I started this post after Brian Burke's comment last week that if the US wins gold it's a victory on a par with 1980. Little did I realize that beating Canada in a pre-lim game was going to be touted as "Miracle 2.0." (I just heard someone on ESPN radio characterize the U.S. team as not even expected to make it out of the preliminary round. Really? By whom?)
Anyway, Miracle 2: Miller Time. There are so many ways to pick that apart, but I'll just stick with this:
The 1980 US team was a bunch of college kids, playing not only against grown-ups (which is usually mentioned), but against the Red Army, elite professionals in everything but name, trained and funded by the Soviet military, hockey division. Everybody knows it was the height of the Cold War and the Soviets were the enemy, but just paying lip-service to that doesn't give us (or me, anyway) any sense of magnitude.
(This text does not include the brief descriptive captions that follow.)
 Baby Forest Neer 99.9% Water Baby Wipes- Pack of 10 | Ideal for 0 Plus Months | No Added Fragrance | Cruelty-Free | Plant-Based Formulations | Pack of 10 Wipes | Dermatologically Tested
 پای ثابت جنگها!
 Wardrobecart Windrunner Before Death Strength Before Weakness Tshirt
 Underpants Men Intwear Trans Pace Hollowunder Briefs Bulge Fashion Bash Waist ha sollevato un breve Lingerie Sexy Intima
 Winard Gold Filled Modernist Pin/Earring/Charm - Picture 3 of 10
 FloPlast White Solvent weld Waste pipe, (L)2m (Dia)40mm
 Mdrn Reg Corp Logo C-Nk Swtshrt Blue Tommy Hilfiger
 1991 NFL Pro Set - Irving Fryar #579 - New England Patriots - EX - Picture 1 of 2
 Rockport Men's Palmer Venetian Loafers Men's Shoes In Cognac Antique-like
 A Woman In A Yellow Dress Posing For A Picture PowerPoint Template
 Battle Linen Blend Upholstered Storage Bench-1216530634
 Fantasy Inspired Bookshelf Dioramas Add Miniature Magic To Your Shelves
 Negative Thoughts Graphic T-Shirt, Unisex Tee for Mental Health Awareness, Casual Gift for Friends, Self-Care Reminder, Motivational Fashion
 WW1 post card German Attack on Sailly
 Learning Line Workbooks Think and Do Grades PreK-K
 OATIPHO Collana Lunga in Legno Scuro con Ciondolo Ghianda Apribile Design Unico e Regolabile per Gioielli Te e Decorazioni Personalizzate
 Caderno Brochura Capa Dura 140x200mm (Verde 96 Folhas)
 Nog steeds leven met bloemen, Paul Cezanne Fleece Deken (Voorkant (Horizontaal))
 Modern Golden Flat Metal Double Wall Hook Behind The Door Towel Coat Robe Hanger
To get that, you have to see it from the Soviets' point of view.
It would be as though the U.S. Marines had a football team, not a college team, but an elite all-star squad with the very best football players from across the country, NFL players, and they ruled the world and virtually never lost over several decades of competition (by the way: the all-time Olympic win/loss record of the Soviet national team? 62-6-2). Imagine such a team. Now imagine it's 2002. And we lose in the Olympics to the the team from Afghanistan, made up entirely of Taliban prep-school kids.
No matter what happens to Canada or Russia or the US in this Olympics, it's not going be as bad as that.